▶ [Stored entries]

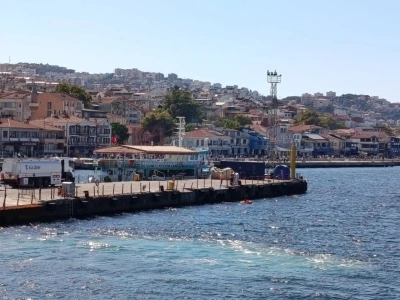Şişme botuyla deniz a&ccedil;ılan gen&ccedil; panikleyince s&uuml;r&uuml;klenmeye başladı
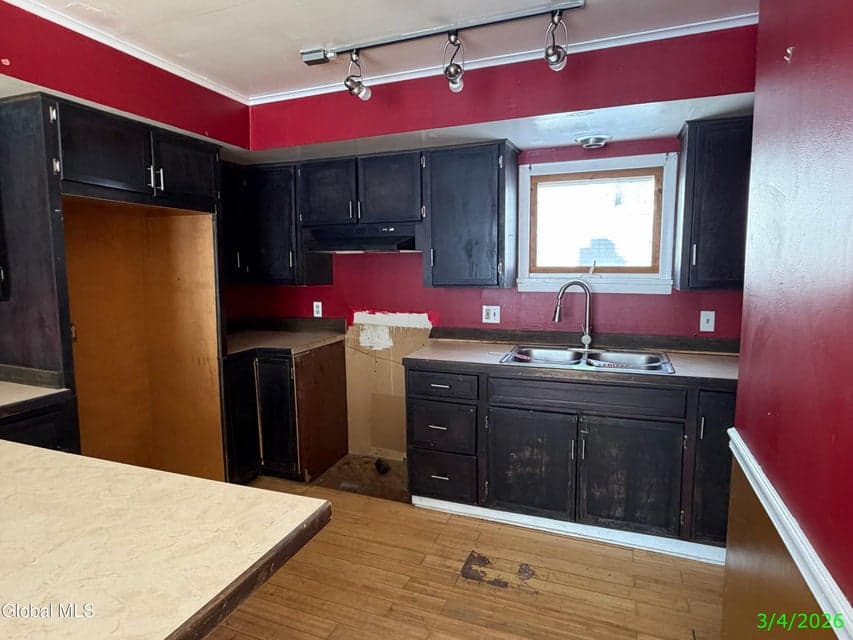 124 Lake George Avenue, photo 5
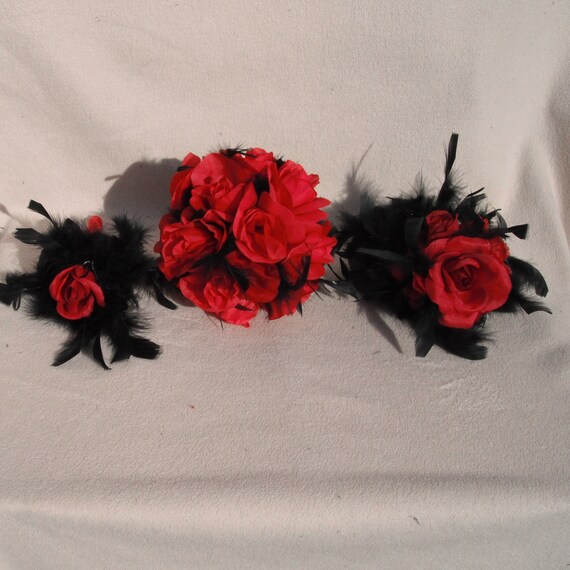 3 Pc Bridal Wedding Bouquet Punk Roses Gothic Red Roses with Black 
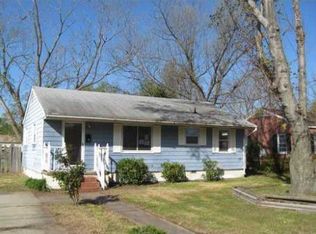 18 Gumwood Dr, Hampton, VA 23666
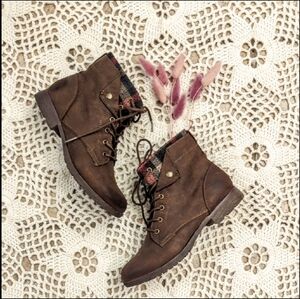 NWOT Rock And Candy Faux Suede Lace Up Anne Of Green Gables Boots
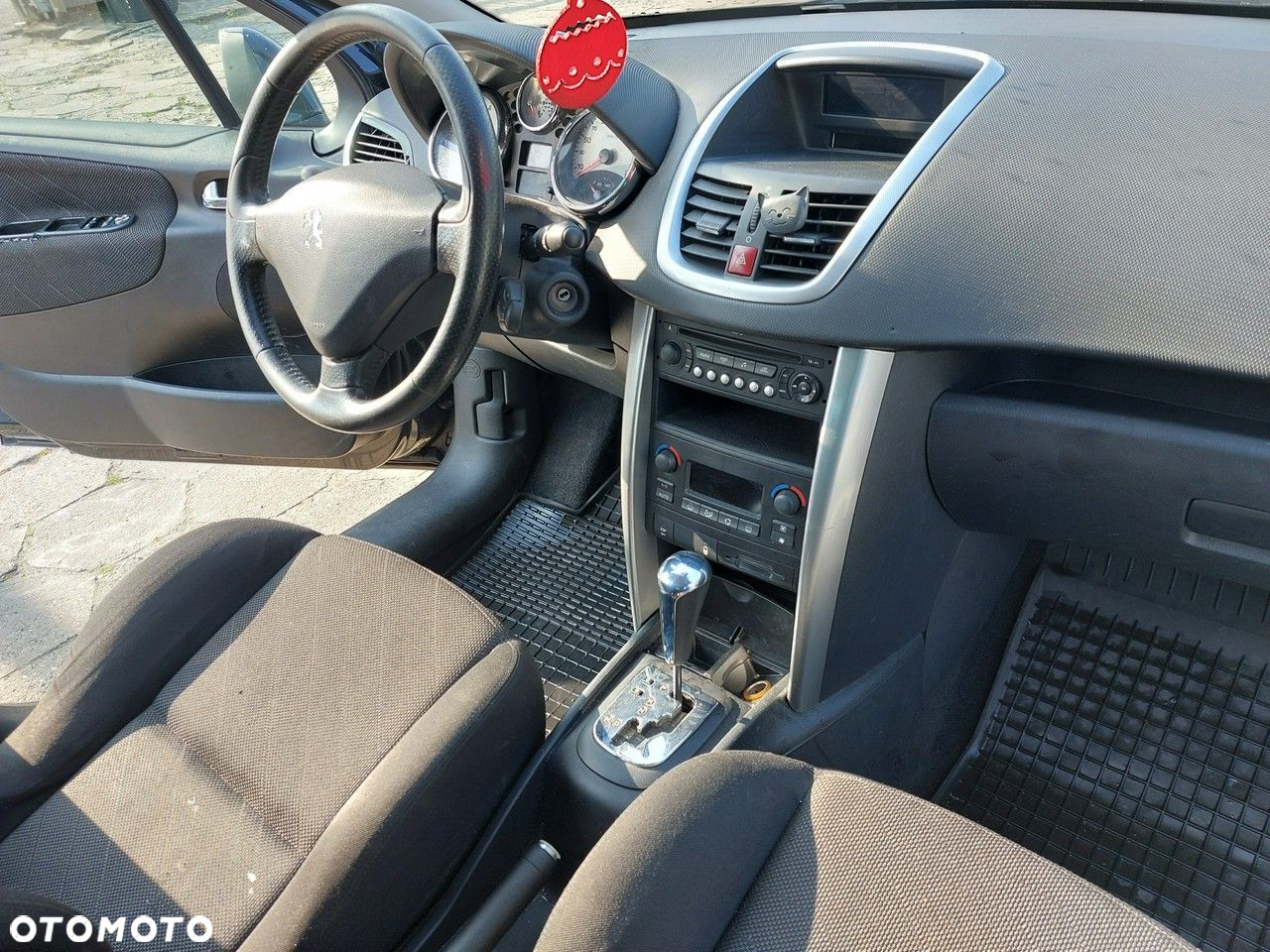 Peugeot 207 - 15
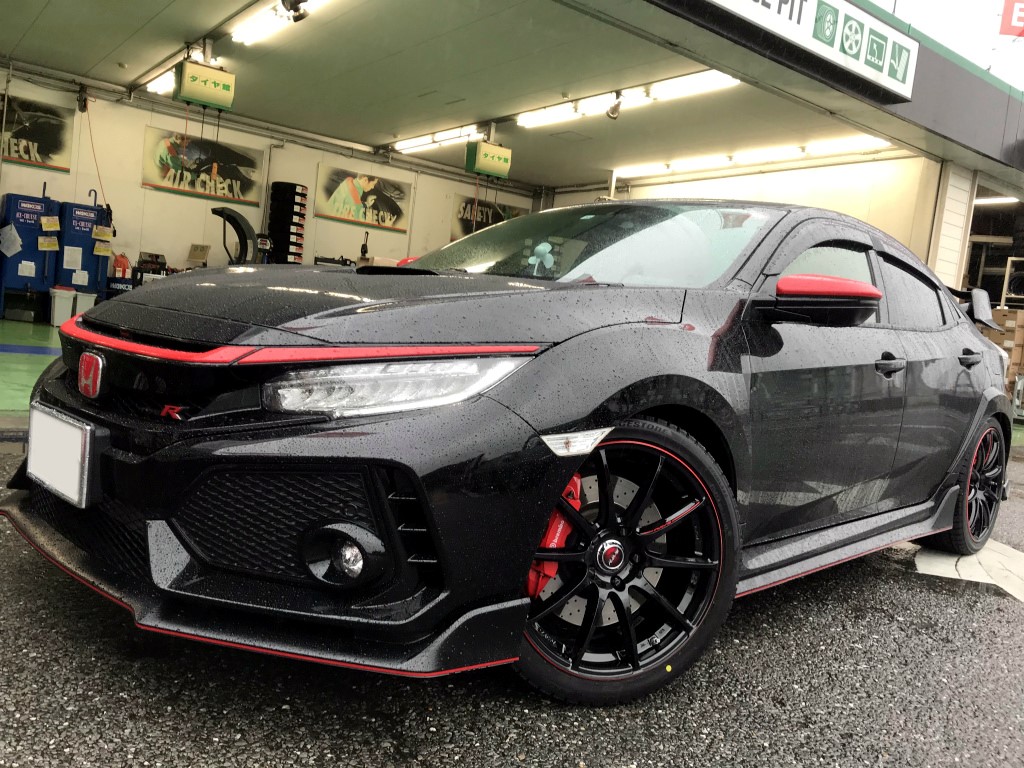 ホンダ シビックタイプr Fk8 スタッドレスタイヤ ホイールセットのお取り付けです ホンダ シビック ホイール タイヤ ホイール関連 タイヤ ホイール交換 サービス事例 タイヤ館 土浦北インター 茨城県のタイヤ カー用品ショップ タイヤからはじまる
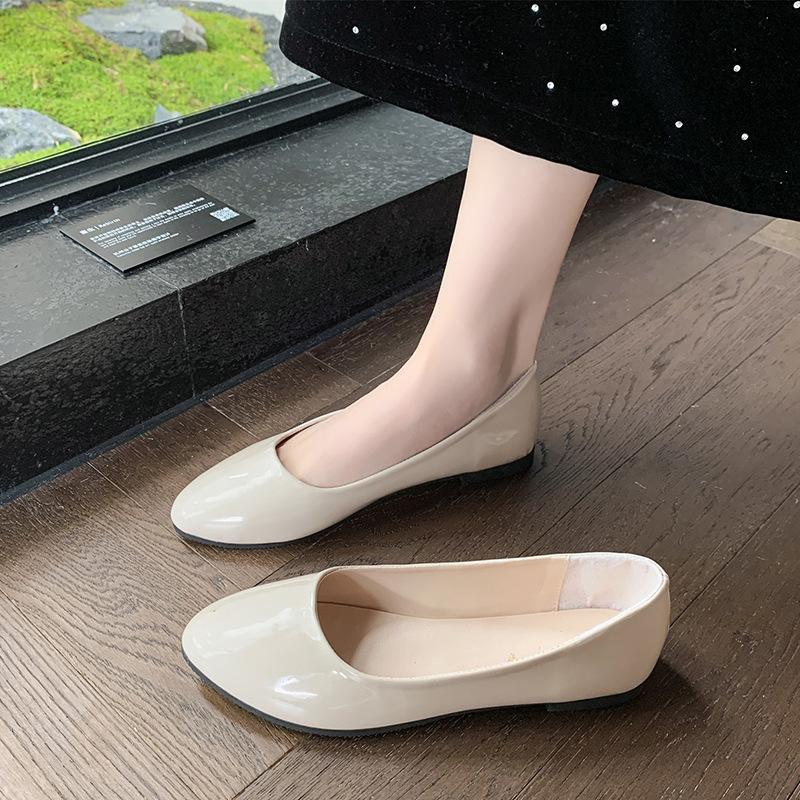 Large size thick heel single shoes women's spring new round head flat shoes women's one-pedal black single shoes women
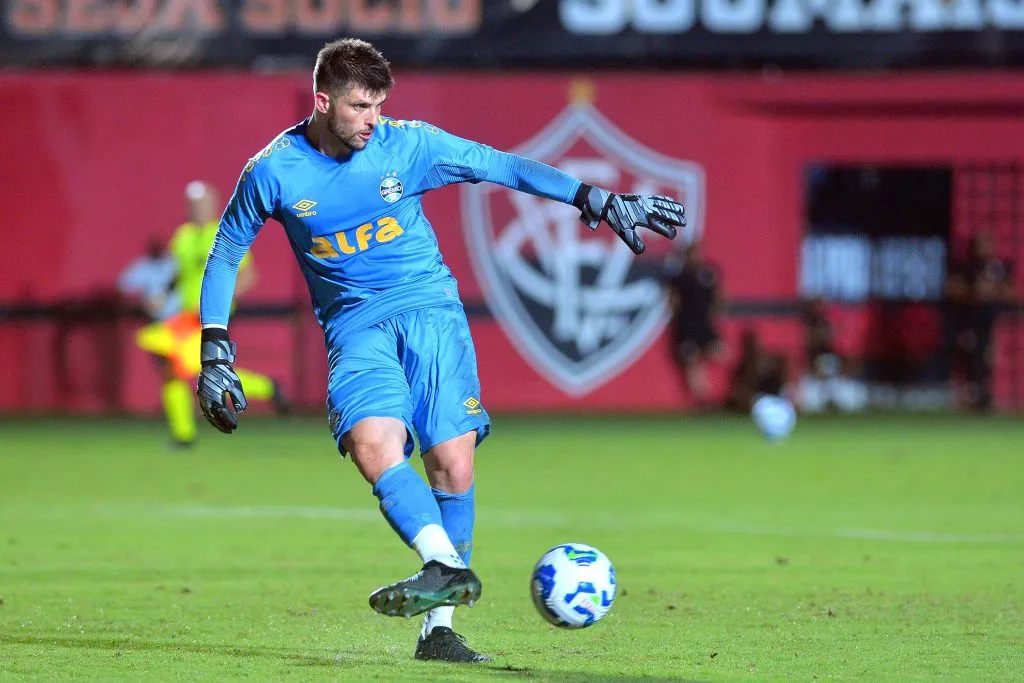BA – SALVADOR – 27/04/2025 – BRASILEIRO A 2025, VITORIA X GREMIO – Volpi, goleiro do Gremio durante partida contra o Vitoria no estadio Barradao pelo campeonato Brasileiro A 2025. Foto: Walmir Cirne/AGIF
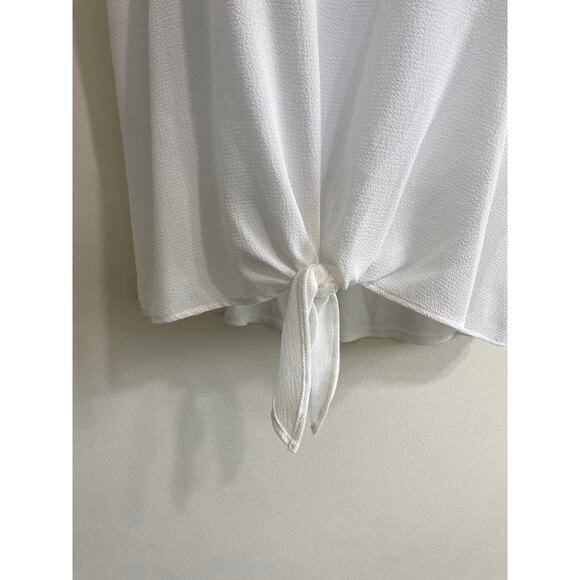 Stylish By & By White Crisscross Neck Tie Front Blouse - XL - Picture 5 of 8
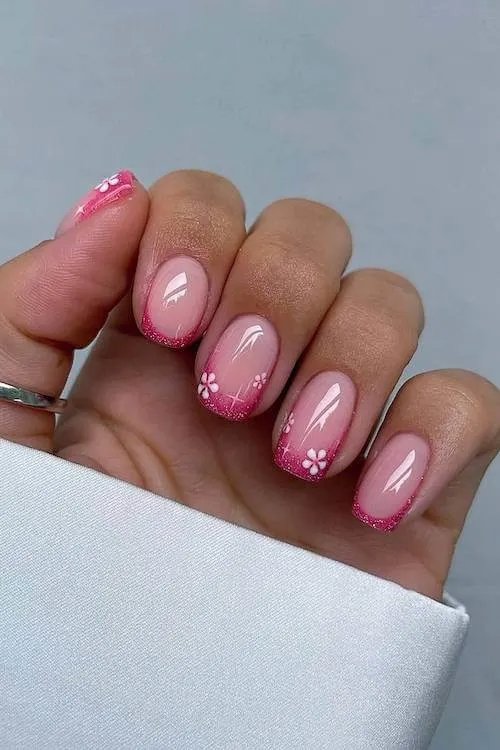 trendy cute vacation nails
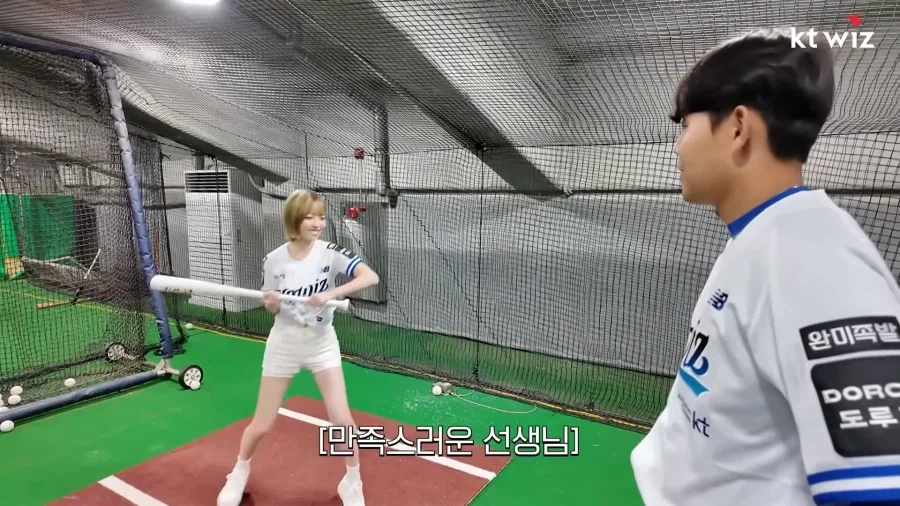 시구시타 하러 온 아이돌에게 좋은거 가르치는 소형준 선수.jpg_12.webp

▶ [Exercise directions]
Write out the records exactly. Do not carry the pictures over.

▶ [Written answer]
Şişme botuyla deniz a&ccedil;ılan gen&ccedil; panikleyince s&uuml;r&uuml;klenmeye başladı
 124 Lake George Avenue, photo 5
 3 Pc Bridal Wedding Bouquet Punk Roses Gothic Red Roses with Black 
 18 Gumwood Dr, Hampton, VA 23666
 NWOT Rock And Candy Faux Suede Lace Up Anne Of Green Gables Boots
 Peugeot 207 - 15
 ホンダ シビックタイプr Fk8 スタッドレスタイヤ ホイールセットのお取り付けです ホンダ シビック ホイール タイヤ ホイール関連 タイヤ ホイール交換 サービス事例 タイヤ館 土浦北インター 茨城県のタイヤ カー用品ショップ タイヤからはじまる
 Large size thick heel single shoes women's spring new round head flat shoes women's one-pedal black single shoes women
BA – SALVADOR – 27/04/2025 – BRASILEIRO A 2025, VITORIA X GREMIO – Volpi, goleiro do Gremio durante partida contra o Vitoria no estadio Barradao pelo campeonato Brasileiro A 2025. Foto: Walmir Cirne/AGIF
 Stylish By & By White Crisscross Neck Tie Front Blouse - XL - Picture 5 of 8
 trendy cute vacation nails
 시구시타 하러 온 아이돌에게 좋은거 가르치는 소형준 선수.jpg_12.webp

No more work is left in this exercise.